DALLAS, April 13 -- Women with advanced congestive heart failure (CHF) live twice as long as their male counterparts, according to a study in today's Circulation: Journal of the American Heart Association.
Lead researcher Kirkwood F. Adams Jr., M.D., at the University of North Carolina (UNC), Chapel Hill, says that a woman has a survival advantage even if her CHF is as severe as a man's and she has had the disease for the same duration.
The study is significant because it challenges previous research findings suggesting that the survival advantage of women with heart failure over that of men might be due to differences between men and women in the type of treatment they received and the length of time they had the disease.
The only form of cardiovascular disease that is increasing dramatically in the population is congestive heart failure, a condition in which the heart cannot pump enough blood to meet the demands of the body. An estimated 4.6 million Americans have CHF.
"Our analysis also suggests that the trend for increased survival is strongest among a subset of patients --- those with CHF that is not due to ischemia, or lack of blood supply to the heart," says Adams.

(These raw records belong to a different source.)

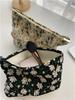 Cosmetische Tas Pouch voor Vrouwen Borduurwerk Margriet Bloemen Koreaans Reis toilettas Tas Schoonheid Make-up Pouch Organizer Etui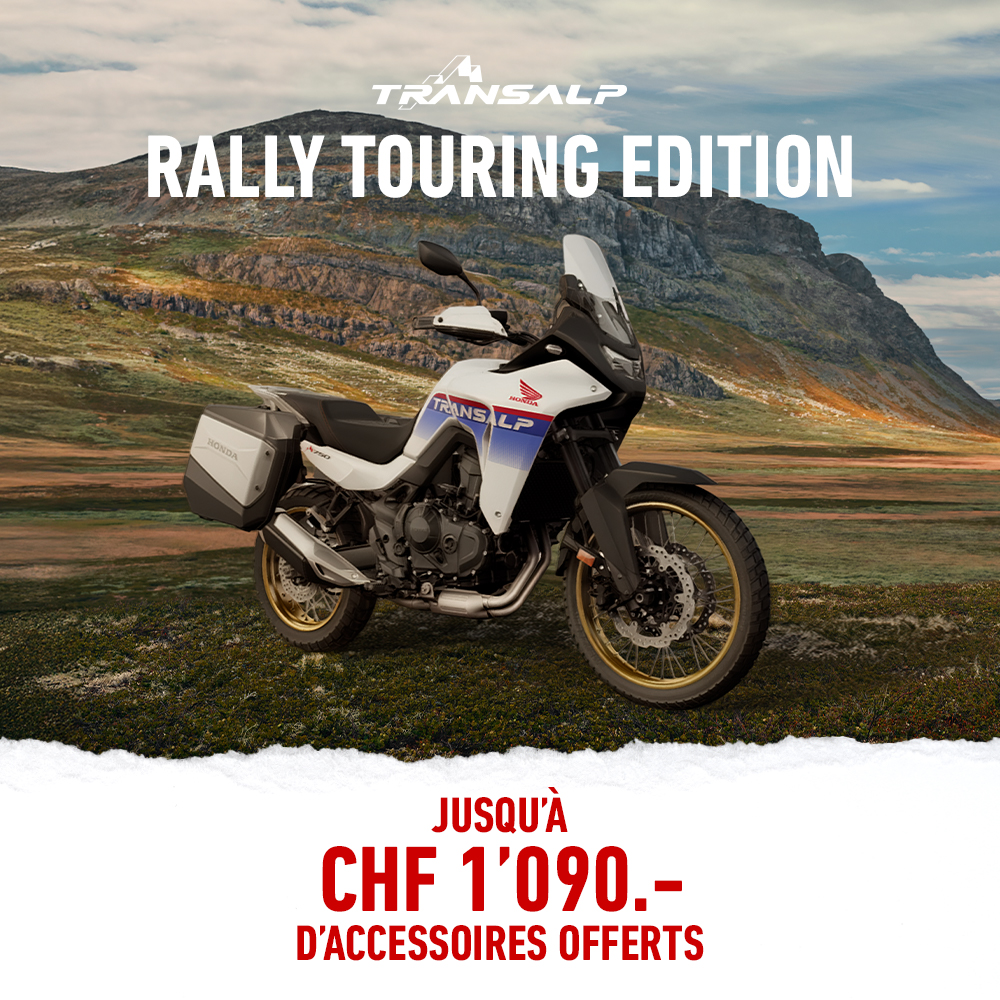 motard roulant sur une hornet750 blanche avec promo et % en arrière plan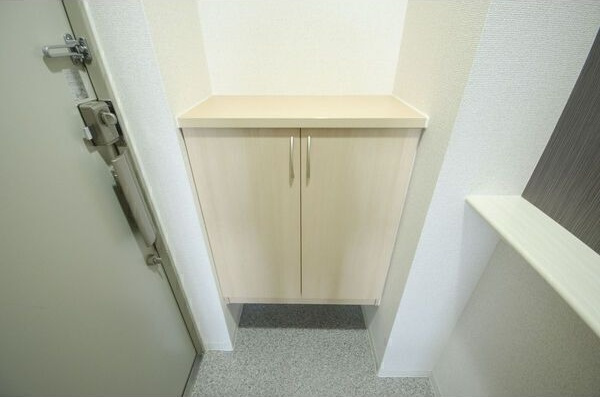 プランドール千種の玄関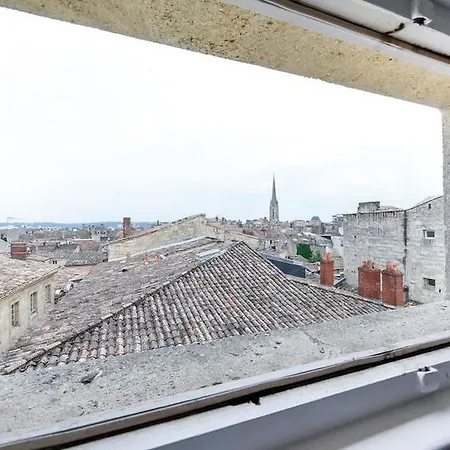 Centre Historique Apartment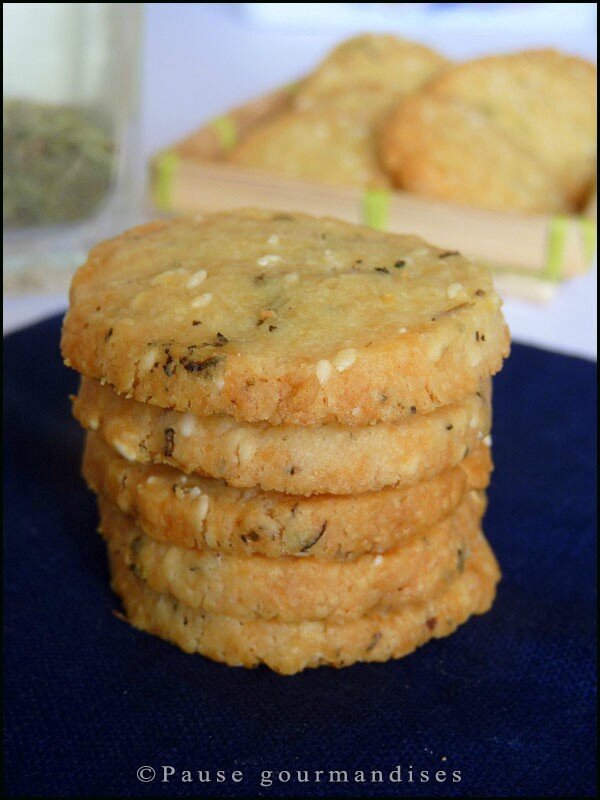 Sablés au compté, sésame et herbes de Provence (14)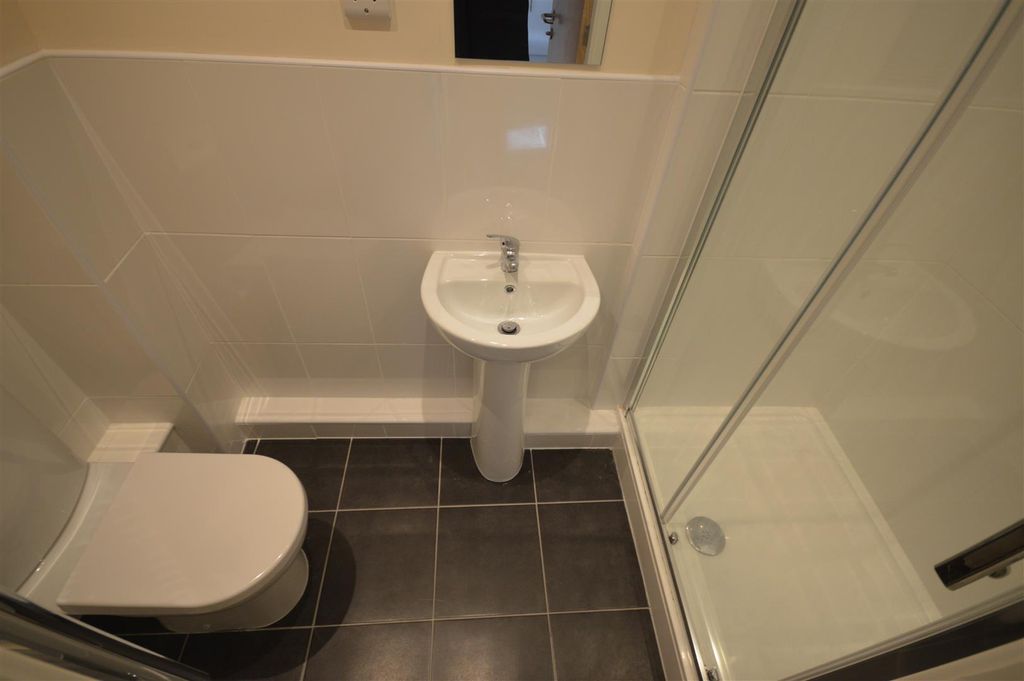 Property photo 3 of 3 Bathroom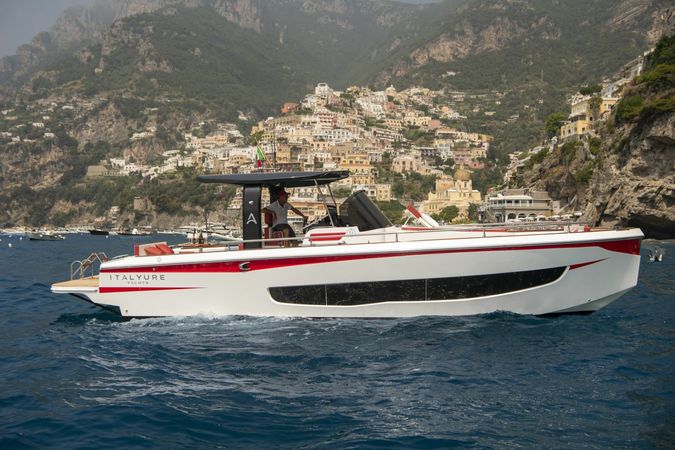 Italyure 38 | Luna Rossa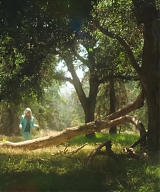 y2mate_com_-_Kesha__Learn_To_Let_Go_Official_Video_1080p_046.jpg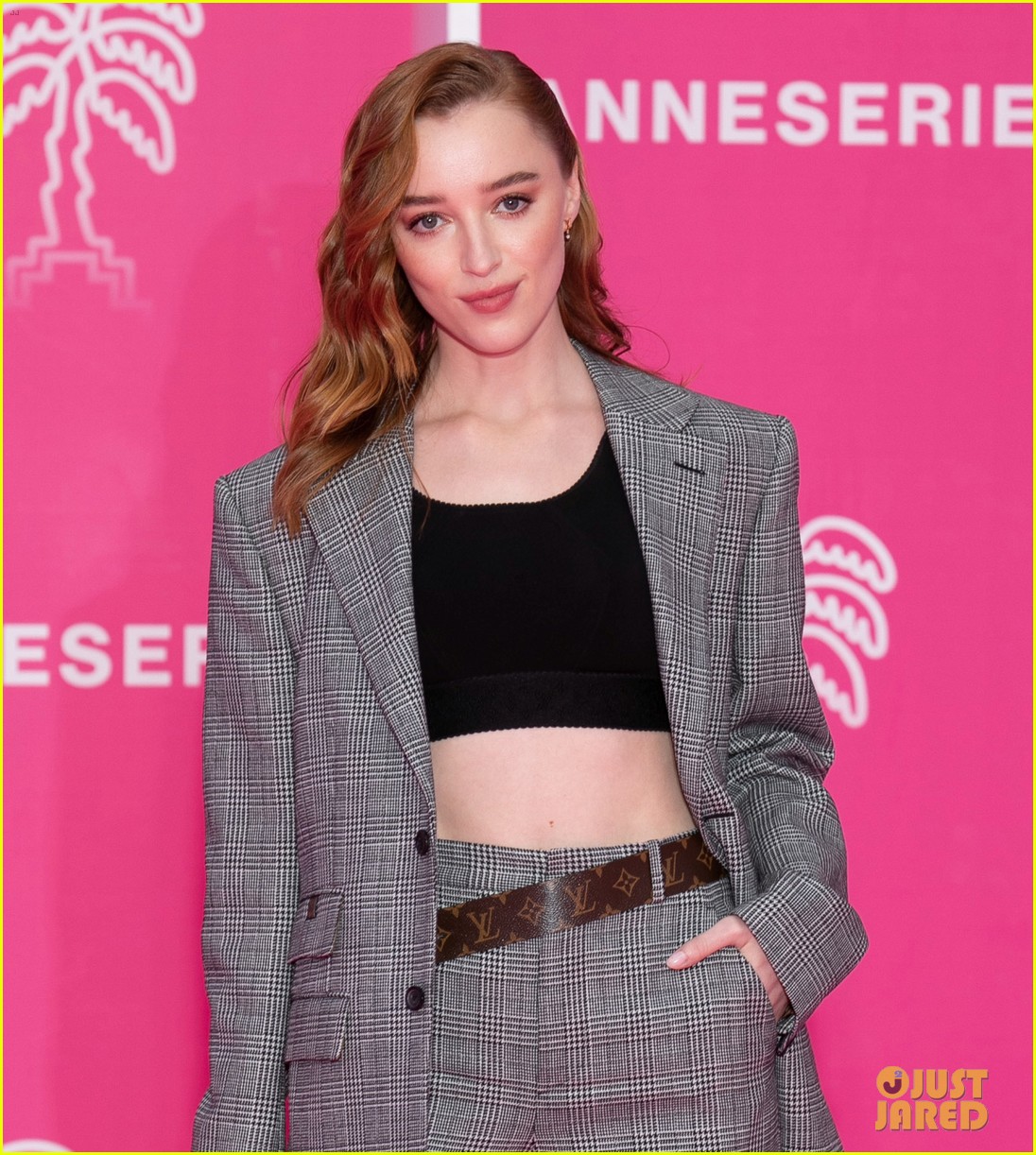 Bridgerton's Phoebe Dynevor Looks So Fierce While Being Honored at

Ischemic heart disease results from atherosclerosis caused by fat-laden plaque obstructions that develop in blood vessels. Nonischemic heart failure results from high blood pressure or other factors that can weaken the heart muscle.
Adams' study used data from the Flolan International Randomized Survival Trial (FIRST), which included 359 men and 112 women with "end-stage," or class IV, heart failure. After eliminating patients for whom baseline characteristics were not available, survival data on 331 men and 99 women were compared.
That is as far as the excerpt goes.